Jeanne Dunn: Seeing Trees for the Forest

06/12/2015 03:31 pm ET | Updated Jun 12, 2016

The hill of St. Cloud rises up before me on the left, the trees are bending over me to shadow me, the way is smooth and never-ending. It is full sunlight and the roads extend in every direction, and all the roads are downhill. I would not level the road nor remove any of the bumps. I have marked all the spots in passing: to retrace my thoughts I have only to retrace my journey, re-feel these bumps. --Henry Miller, from Black Spring

Jeanne Dunn: from the Tangle Trees Series

Several years ago, in about 2009, painter Jeanne Dunn had a similar experience, while bicycling in Brittany. The metaphors of wilderness are plentiful, but Dunn recalls "a very specific moment when we were lost in this gorgeous but unknown terrain of pastoral pathways, and canals that Napoleon built but never used; of rutty roads between far-flung villages; spotting distant clearings and shadowy groves. She had a residency nearby the next year, in a dilapidated chateau, and that's when she started working on the tree paintings in earnest.

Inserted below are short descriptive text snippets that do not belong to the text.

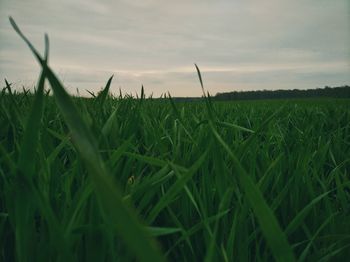 Close-up of grass on field against sky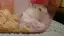 まやんのプロフィール画像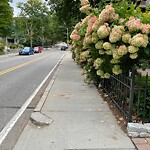 Sidewalk Obstruction at 273 Walnut St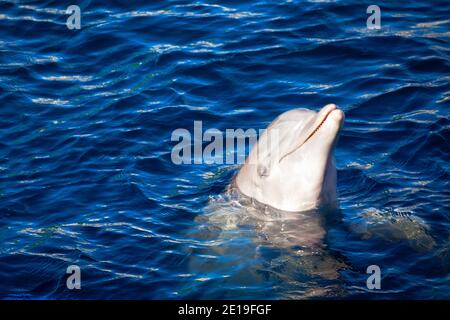 Delfino sorridente . Ritratto di delfino in acqua Foto Stock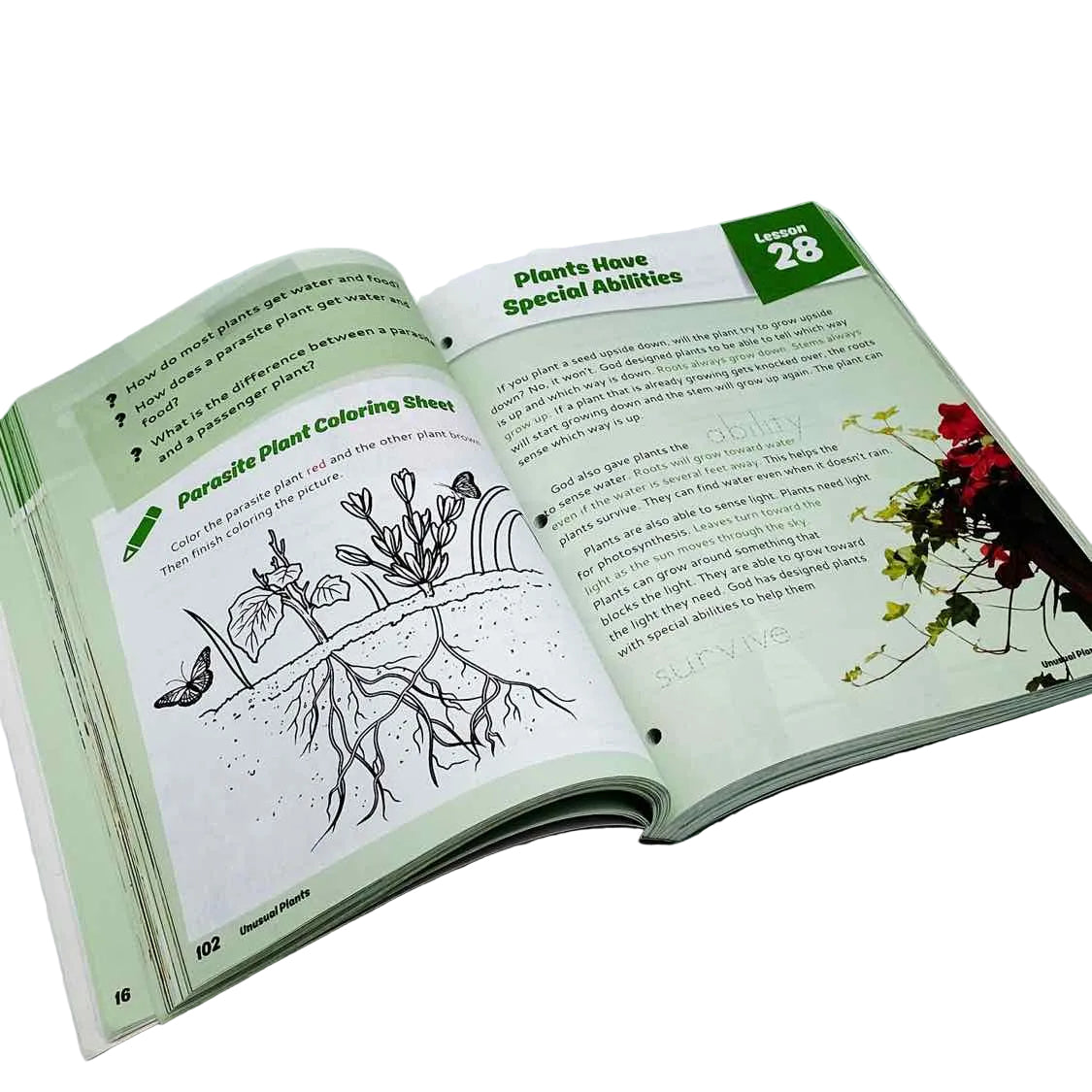 MasterBooks God's Design for Life: For Beginners Science Curriculum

Jeanne Dunn: Defiance, oil on canvas, 2014

As a matter of form, trees beg anthropomorphism. Trunks and limbs lean and strive, they dance and wave; appearing active and expressive; existing in thick entanglements, or as lone sentinels. So aside from the literary archive that ranges from Tolkien to Silverstein, Grimm to Jung, Kilmer to Carroll, our bark-clad companions make fine visual as well as symbolic stand-in humans. Dunn tries not to call her paintings portraits, even though she admits they kind of are. But she does refer to the trees as "the figures," and she has noticed that often viewers will not only ascribe emotions and intentions to the trees, but will indicate certain ones as "he," or "she." If anthropomorphism is a narrative factor, then so it seems must be the role of gender. Dunn is aware of this, but insists that in the work it's neutral, or perhaps blended. It's not quite androgyny, nor is it hermaphroditism. It's both inclusive and transcendent. As they are stand-ins for the human presence, viewers are welcome to perceive aspects of themselves in the pictures -- including the sexual.

Jeanne Dunn: Entwined II, oil on canvas, 2014

Dunn herself employs the vectors and paradoxes of her personal history and vision in her arboreal renderings. The camera may be her sketchbook, but realism is not her goal. Nature is less her subject matter than it is the raw source material of her pictures. In her studio depiction becomes a dialog and evolves past the crisp border of ideal realism -- but not so far toward abstraction or surrealism that the heroic image is undermined. "I'm not interested in particular trees, but in trees as an idea," says Dunn. "But that said, certain trees do confront me. They present themselves to me!" But between those encounters and the canvas, they are morphed, embellished and rearranged. The same tree might appear in multiple works, but each time in an affecting new way. Barks, bends and arrays of foliage vary as though affected by age and experience, or as though seen at different points along the cycle of the seasons. The trees become evocative, strange and mysterious, while remaining suggestive of and suggested by the natural world. To be allegorical requires tethering to that grounded object.

Jeanne Dunn: No Matter What, oil on canvas, 2011

Jeanne Dunn, Torrey Pines Cliffs, oil on canvas, 2012

Not only the trees but the landscapes get this interpretive treatment. Often there is only a single tree, or the composition is cropped and perspective forced, so that grounds, full skies and contoured horizon lines are not always visible. But when they are, topographies are redistributed, furrows deepen, paths fork, trails are obscured or lost under cover of leaves or shadows, pictorial space is compressed and elongated and glimmering clearings evaporate like mirages before your very eyes. Hybrid species of flowering evergreens are invented. Picturesque but awkward visual pathways are gently blocked, as the eye and the foot are beckoned and thwarted. "This work is conceptual and operates on the psyche; and it is also visceral. It's a conversation that takes place in our bodies." Dunn's series have always been about relationships -- individual to individual, individual to the group. "I heard on NPR once that trees communicate through their root systems. That sounds right to me."

Dunn's work can currently be seen as part of ABOVE GROUND, through June 20th at RB Stevenson Gallery in La Jolla.